The two new variables deleted_row_limit and parsed_deleted_row_count serve a corresponding purpose but count only deleted rows.

The row count in the meta data is computed as row_limit - deleted_row_limit. Accordingly, the row id that is passed to the value handler and is used in error messages is now computed as parsed_row_count - parsed_deleted_row_count.

Implementation alternative

To the user of the library, deleted rows are transparent with the proposed change, which is a bit different in SAS itself. There, the number of deleted rows is visible in the metadata and the GUI viewer indicates positions of deleted rows by non-subsequent row ids.

One could consider adding the number of deleted rows to the meta data. And one could also consider marking rows as deleted either by explicitly passing the information to the value handler or by implicitly not passing data for deleted row ids to it. This would require a breaking change in the API, I think. It's mostly a discussion on what the information row_count in the meta data should exactly refer to in the case of deleted rows.

Validation

The code works as expected with the example file from #284, which uses a single page and contains only 5 rows (of which 2 are deleted).

I've also tested it successfully against data files written on both Windows and Linux that contain multiple pages and have deleted rows across them.

As generating generic test data is quite easy in this case, I can generate test files if needed.

@hpoettker

Copy link
Copy Markdown
Contributor Author

I've rebased on the latest commits in dev, and I've made some minor changes:

  • the type unsigned char is now used instead of uint8_t for the bitmap
  • the code style is more aligned with the existing code (indentation and placement of the asterisk in pointer declarations)

If there is anything else that should be changed, please let me know.

The existing unit tests for the reading of SAS data files all rely on the write feature of ReadStat to write the files first. Would it be okay to add a unit test that uses the example file from #284? It's quite small so commiting it to the repository seems okay to me. Or should I add a feature to the write API to write deleted rows?

@hpoettker

Copy link
Copy Markdown
Contributor Author

I've tested this PR with SAS data files from SAS 9.4 and the file from the linked issue, which has been created with SAS 8.0202M0. And it works fine for those as far as I can tell.

However, the PR doesn't work for the SAS file from #379, which has been generated with SAS 7.

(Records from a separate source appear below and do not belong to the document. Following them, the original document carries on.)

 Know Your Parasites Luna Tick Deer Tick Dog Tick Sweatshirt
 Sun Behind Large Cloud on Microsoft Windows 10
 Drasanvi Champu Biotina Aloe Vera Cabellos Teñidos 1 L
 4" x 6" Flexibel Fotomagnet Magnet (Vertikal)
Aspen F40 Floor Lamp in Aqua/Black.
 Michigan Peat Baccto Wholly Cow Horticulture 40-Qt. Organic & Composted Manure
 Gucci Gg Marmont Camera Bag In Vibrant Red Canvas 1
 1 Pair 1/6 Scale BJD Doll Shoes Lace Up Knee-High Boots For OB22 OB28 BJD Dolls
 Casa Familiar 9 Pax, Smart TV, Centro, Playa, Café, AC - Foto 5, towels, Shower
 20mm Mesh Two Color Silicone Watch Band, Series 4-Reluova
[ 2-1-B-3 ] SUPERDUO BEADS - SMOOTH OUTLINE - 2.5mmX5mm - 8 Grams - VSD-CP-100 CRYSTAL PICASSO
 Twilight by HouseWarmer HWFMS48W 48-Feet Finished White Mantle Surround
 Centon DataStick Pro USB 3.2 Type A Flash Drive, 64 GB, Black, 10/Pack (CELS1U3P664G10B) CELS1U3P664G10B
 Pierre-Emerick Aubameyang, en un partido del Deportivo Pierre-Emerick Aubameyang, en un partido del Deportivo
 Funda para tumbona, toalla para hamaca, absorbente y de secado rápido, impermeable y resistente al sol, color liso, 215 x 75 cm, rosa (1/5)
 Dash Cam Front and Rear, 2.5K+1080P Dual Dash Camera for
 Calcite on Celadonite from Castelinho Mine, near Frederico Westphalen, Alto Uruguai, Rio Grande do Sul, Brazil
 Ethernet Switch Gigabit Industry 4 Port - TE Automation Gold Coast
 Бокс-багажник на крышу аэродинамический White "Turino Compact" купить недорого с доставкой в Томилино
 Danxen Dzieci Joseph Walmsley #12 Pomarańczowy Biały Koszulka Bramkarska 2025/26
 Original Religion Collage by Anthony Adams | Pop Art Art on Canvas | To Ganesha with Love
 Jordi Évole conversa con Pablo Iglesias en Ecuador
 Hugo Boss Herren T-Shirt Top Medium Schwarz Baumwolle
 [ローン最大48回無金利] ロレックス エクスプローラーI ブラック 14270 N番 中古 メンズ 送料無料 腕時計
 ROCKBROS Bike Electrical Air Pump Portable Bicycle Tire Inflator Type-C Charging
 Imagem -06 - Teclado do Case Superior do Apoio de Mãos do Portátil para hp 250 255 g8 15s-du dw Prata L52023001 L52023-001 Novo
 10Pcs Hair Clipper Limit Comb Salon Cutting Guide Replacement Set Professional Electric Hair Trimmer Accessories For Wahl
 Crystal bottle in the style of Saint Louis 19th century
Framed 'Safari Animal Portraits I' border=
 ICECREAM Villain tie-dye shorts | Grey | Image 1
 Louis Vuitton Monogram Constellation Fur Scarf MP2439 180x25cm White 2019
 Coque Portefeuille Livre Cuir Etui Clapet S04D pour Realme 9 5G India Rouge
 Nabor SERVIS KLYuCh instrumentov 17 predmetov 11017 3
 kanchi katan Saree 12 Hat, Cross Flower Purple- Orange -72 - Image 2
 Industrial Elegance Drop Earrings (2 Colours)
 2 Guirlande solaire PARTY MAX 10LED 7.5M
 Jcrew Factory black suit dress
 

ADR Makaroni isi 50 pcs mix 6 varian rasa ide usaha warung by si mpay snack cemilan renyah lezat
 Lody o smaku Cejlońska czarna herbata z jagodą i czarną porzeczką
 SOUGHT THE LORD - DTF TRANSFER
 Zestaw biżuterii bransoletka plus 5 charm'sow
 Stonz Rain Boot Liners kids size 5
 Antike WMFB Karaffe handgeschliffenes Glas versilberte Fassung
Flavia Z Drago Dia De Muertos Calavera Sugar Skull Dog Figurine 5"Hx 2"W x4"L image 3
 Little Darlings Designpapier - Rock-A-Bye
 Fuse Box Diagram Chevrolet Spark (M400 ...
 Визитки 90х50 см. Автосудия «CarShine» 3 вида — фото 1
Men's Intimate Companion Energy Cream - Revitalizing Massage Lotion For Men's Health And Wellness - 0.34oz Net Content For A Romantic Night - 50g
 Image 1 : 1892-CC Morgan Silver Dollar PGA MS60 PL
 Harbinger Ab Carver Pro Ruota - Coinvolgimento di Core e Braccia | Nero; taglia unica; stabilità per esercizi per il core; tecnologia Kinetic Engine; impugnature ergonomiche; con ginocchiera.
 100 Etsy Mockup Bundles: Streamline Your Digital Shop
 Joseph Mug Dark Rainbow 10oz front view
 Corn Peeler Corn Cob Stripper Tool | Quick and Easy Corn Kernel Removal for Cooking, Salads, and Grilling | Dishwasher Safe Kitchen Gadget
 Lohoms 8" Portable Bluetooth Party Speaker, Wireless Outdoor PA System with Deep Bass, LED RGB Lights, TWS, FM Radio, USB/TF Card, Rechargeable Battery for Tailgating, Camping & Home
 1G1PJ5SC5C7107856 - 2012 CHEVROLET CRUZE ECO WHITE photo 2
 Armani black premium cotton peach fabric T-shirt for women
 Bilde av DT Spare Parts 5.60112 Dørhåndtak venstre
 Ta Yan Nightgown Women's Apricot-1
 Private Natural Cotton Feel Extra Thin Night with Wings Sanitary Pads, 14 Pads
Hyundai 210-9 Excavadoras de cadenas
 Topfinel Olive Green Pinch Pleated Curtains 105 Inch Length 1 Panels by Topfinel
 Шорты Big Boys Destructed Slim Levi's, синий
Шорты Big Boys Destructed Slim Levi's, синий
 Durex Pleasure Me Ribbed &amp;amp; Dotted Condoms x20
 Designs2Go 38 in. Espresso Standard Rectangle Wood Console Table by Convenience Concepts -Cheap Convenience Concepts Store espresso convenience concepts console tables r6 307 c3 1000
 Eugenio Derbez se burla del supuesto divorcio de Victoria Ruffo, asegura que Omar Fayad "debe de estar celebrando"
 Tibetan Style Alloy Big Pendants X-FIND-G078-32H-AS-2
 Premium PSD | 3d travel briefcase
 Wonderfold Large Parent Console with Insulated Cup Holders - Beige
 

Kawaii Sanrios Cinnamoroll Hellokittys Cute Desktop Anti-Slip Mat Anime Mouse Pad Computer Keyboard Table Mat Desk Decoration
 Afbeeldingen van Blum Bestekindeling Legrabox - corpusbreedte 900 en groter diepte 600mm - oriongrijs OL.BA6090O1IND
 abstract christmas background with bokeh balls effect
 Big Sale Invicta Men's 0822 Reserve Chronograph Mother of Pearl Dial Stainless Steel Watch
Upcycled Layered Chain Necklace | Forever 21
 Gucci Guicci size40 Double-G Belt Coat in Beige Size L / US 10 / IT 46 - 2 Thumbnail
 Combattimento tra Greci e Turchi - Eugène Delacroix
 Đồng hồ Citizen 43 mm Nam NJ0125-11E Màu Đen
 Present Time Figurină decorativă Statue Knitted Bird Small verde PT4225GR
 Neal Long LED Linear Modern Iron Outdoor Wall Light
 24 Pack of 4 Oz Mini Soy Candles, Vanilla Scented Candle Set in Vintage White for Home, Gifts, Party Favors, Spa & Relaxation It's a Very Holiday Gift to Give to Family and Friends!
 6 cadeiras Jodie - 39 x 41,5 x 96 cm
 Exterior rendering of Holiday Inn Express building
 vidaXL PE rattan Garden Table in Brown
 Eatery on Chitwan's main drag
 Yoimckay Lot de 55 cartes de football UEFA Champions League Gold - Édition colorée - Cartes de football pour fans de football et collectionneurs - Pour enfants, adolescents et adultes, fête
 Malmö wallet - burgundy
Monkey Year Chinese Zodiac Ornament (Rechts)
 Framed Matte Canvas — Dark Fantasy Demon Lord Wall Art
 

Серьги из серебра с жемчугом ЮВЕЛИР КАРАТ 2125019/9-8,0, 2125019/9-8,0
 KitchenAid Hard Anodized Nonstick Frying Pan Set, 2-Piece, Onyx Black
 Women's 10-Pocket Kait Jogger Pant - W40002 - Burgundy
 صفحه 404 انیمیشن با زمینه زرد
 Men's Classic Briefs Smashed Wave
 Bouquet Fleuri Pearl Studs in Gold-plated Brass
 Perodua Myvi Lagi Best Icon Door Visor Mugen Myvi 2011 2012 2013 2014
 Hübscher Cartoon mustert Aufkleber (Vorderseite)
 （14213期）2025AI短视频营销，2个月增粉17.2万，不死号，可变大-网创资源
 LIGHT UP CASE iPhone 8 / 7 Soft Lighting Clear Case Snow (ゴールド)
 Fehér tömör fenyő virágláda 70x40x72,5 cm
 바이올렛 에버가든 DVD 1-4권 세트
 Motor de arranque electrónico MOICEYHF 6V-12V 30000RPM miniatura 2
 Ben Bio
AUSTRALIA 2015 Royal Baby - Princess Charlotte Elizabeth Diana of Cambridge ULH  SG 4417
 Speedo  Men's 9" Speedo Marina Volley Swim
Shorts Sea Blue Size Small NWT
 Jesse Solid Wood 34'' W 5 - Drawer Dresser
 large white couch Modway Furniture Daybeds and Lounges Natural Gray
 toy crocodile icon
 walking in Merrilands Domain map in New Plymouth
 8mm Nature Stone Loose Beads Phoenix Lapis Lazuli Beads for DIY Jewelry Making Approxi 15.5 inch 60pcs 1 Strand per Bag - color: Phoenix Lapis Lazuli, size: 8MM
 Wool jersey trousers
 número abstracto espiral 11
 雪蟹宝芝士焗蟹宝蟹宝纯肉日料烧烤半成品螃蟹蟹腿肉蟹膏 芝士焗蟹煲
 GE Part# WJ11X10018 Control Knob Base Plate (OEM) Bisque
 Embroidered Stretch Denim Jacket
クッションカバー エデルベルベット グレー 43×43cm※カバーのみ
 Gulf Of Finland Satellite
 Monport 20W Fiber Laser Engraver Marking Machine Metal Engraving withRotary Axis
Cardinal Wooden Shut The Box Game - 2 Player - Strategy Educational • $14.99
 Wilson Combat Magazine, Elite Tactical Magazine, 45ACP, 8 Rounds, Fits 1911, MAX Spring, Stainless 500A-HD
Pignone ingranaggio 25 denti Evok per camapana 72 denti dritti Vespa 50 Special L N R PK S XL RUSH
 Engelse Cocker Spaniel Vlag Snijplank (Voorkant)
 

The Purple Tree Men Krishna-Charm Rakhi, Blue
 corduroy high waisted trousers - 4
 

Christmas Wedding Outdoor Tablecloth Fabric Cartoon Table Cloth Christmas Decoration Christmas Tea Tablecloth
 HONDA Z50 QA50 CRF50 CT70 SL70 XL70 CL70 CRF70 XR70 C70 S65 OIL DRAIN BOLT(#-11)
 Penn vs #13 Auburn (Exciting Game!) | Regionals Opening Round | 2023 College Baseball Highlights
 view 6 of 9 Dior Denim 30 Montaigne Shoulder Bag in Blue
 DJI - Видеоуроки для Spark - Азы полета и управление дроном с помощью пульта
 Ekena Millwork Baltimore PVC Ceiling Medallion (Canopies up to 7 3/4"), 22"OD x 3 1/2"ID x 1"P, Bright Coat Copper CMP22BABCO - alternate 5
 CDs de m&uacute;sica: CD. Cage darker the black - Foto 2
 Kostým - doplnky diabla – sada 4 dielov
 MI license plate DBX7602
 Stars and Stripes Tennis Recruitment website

The SAS 7 file is also treated differently by SAS 9.4 clients. Usually, the number of deleted rows is visible in the GUI of a local SAS installation but not for this one. While the incremental row number in the data view is presented correctly for the (only) non-deleted row, the total number of rows in the meta-data is presented as just 1.

There are two reasons why the PR doesn't work for the SAS 7 file:

  • The row size subheader doesn't provide the total and deleted row count as 178 and 177, respectively, but as 1 and 0. This also explains the different display in the SAS GUI.
  • The calculation of the offset of the deleted row bitmap is off by 14 for all 5 pages.

Both problems are fixable:

  • The deleted_row_limit would need to be removed and the parsed_row_count would not be incremented for deleted rows.
  • Instead of calculating the bitmap position by starting from the beginning of the page area for the uncompressed rows, the position could be calculated from the position of the first subheader. In all files I've analyzed, the bitmap is directly before the first subheader with no bytes in between.

If there is interest in an adaptation of this PR for SAS 7 files, please let me know.

@gdementen

Copy link
Copy Markdown

As far as I am concerned (but I am just a biased user) support for SAS8+ files with deleted rows would already be very nice. I mean, support for SAS7 files would be even nicer but not if that delays merging the original PR.

@sasutils

sasutils commented Jul 1, 2026

Copy link
Copy Markdown

I would not worry about dealing with SAS datasets generated by SAS version 7. That version was not very stable and very few people ever used it.

@evanmiller

Copy link
Copy Markdown
Contributor

Hi, I asked Fable to review, can you look over the comments and make adjustments if necessary? (Sorry it somewhat annoyingly decided to use "maintainer voice", but here goes:)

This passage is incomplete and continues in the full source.